CINCINNATI — ArtWorks is creating a new mural in Avondale, but this one will be created by members of the community and by law enforcement officers together.
Officials hope the Avondale Mediation Mural will stem conversation and understanding between officers and the community.
"There is a lot of people who have animosity towards the police, and there's police that have animosity towards the community," said Jeni Jenkins, designer and ArtWorks leading teaching artist.
Jenkins said the project was created as a result of community conversations between both groups.
"What I heard in those conversations was both sides," she said. "Both people, all the parties, the two different parties in the room were saying, hear me out."
Teenagers will start painting the mural, treating the project as a full-time job and getting paid for it. Then officers will join them, and the mural will be finished in a few months.

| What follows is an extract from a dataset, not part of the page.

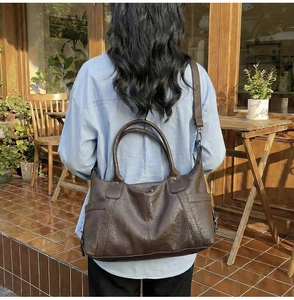 Close-up of vintage brown tote bag featuring premium lychee texture and side pocket detail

"For me, the message that I'm trying to send is that just at least have a conversation," said Walnut Hills High School senior Xavier McDaniel, one of the teens working on the project. "I feel like once we are able to engage in conversation, so then we can start to talk about the problems that's been happening."
"This mural is not going to cure the community, but it is a project for hope," Jenkins said. "It's a project to put it out there into the world and to try to say, 'Hey, we can be better. We can have conversations, we can have dialogue, we can do something different.'"
A public presentation on the project's progress will be given at noon Tuesday at the old fire station at 639 Rockdale Avenue.